Closed jwijffels closed 5 years ago
I noticed that the batch size also affects the loss. Smaller batches (5-16) converge faster whereas larger batches (300) were just oscillating between a range and didn't converge at all (dim = 20).
@tharangni, the question is not about the speed of convergence but about the size of the loss
@jwijffels ahh i should have rephrased my sentence better. apologies. what i meant was that batch sizes affected the magnitude of loss. i.e. larger batch sizes = high loss.
@jwijffels Hi, sorry for the delay in responding. I would recommend that you compare the hyper-parameters on the evaluation metric of a validation set rather than the loss on the validation set. For instance, in the example of fb15k, you can test different hyper-parameters by optimizing the hit@10 metric on validation dataset.

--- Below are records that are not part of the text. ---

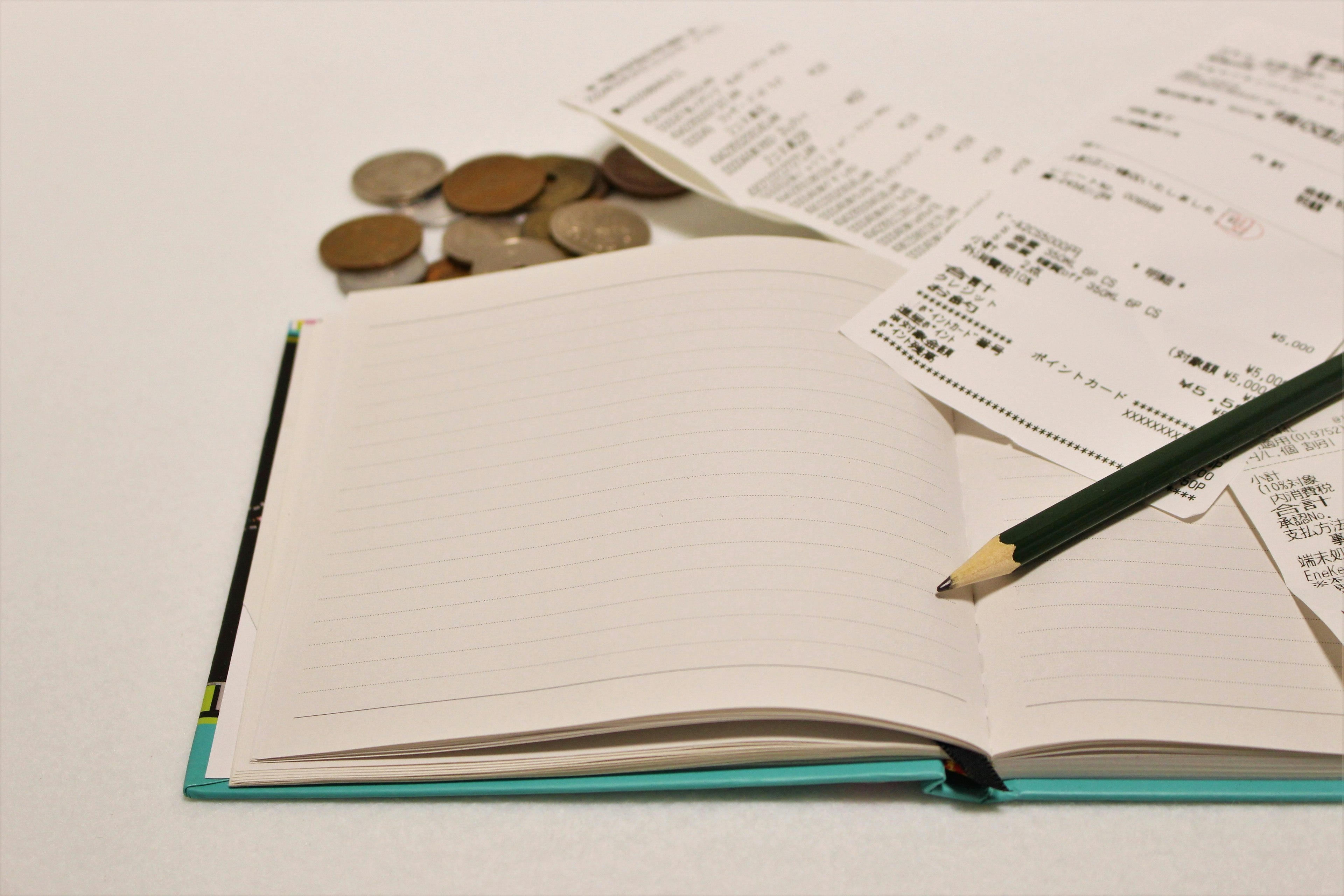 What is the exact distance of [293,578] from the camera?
65 cm

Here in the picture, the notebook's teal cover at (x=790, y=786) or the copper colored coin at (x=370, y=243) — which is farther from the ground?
the copper colored coin at (x=370, y=243)

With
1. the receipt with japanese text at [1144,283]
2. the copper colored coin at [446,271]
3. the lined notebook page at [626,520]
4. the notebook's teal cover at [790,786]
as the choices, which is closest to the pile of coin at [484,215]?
the copper colored coin at [446,271]

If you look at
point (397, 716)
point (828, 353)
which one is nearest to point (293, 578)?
point (397, 716)

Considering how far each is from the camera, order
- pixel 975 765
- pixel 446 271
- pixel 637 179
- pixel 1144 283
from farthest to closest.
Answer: pixel 637 179, pixel 446 271, pixel 1144 283, pixel 975 765

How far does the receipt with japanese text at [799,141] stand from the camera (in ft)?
2.90

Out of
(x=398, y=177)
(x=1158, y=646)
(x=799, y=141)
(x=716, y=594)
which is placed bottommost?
(x=1158, y=646)

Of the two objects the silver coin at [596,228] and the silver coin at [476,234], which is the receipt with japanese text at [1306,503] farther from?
the silver coin at [476,234]

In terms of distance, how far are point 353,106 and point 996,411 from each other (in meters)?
0.88

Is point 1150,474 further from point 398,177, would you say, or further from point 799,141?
point 398,177

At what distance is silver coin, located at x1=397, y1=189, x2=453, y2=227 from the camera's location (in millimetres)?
991

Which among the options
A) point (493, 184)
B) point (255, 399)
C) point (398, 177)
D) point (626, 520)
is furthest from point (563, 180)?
point (626, 520)

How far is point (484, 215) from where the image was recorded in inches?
38.2

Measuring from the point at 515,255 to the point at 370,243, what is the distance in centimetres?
16

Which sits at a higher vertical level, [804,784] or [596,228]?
[596,228] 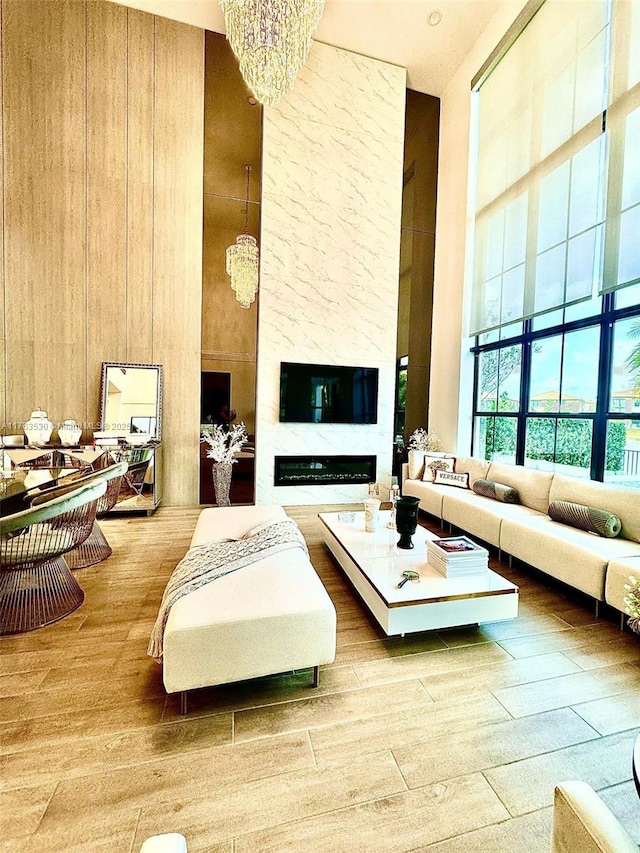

Ok, thanks for the feedback.
Hi @ledw I have a general question on approaches you advise to tune the hyperparameters of the Starspace models. It would be nice if you can give some advise on what would be your general approach in tweaking hyperparameters in order to get an optimal model based on looking at the loss mainly. I generally need to tweak in order to get a good model
Some hyperparameters which do influence the general range of the loss
Some hyperparameters not affecting the general range of the loss
My general approach is to give some sensible settings which work and to look at the evolution of the loss over the epochs to see that it learns something (on validation data loss steadily decreases - example of such a graph below) and then manually inspect some embedding similarities between labels and terms in the model to see if the embeddings really make sense. But then if I want to compare across different settings of hyperparameters enumerated in point 1, it is hard as they change the range of the loss.
I would like to know your general approach how to get the best setting of loss/margin/similarity metric/negSearchLimit given that if you change these parameters, the range of the loss also changes? Many thanks for any input.